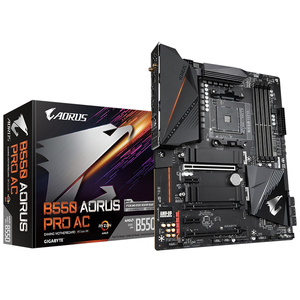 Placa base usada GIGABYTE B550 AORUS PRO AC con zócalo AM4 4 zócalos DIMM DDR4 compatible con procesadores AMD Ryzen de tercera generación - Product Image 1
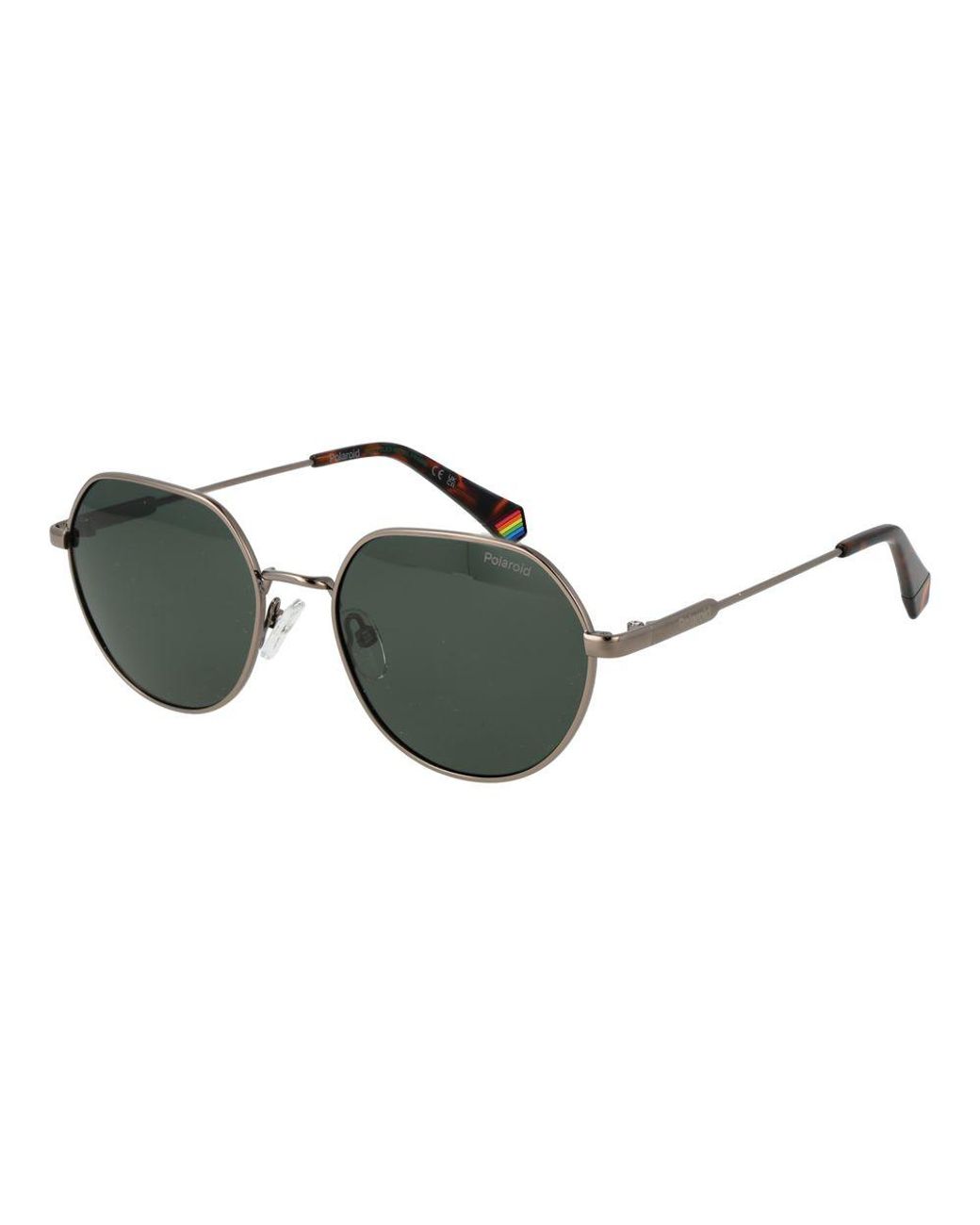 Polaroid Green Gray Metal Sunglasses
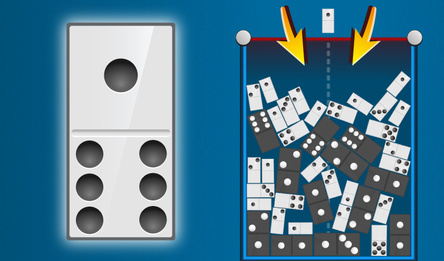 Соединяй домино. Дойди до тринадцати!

**Work required:**
Your copy should hold exactly the lines from the line containing "Polaroid Green Gray Metal Sunglasses" through the last line of the listing above, both included, and no pictures.

**Answer area:**
 Polaroid Green Gray Metal Sunglasses
 Соединяй домино. Дойди до тринадцати!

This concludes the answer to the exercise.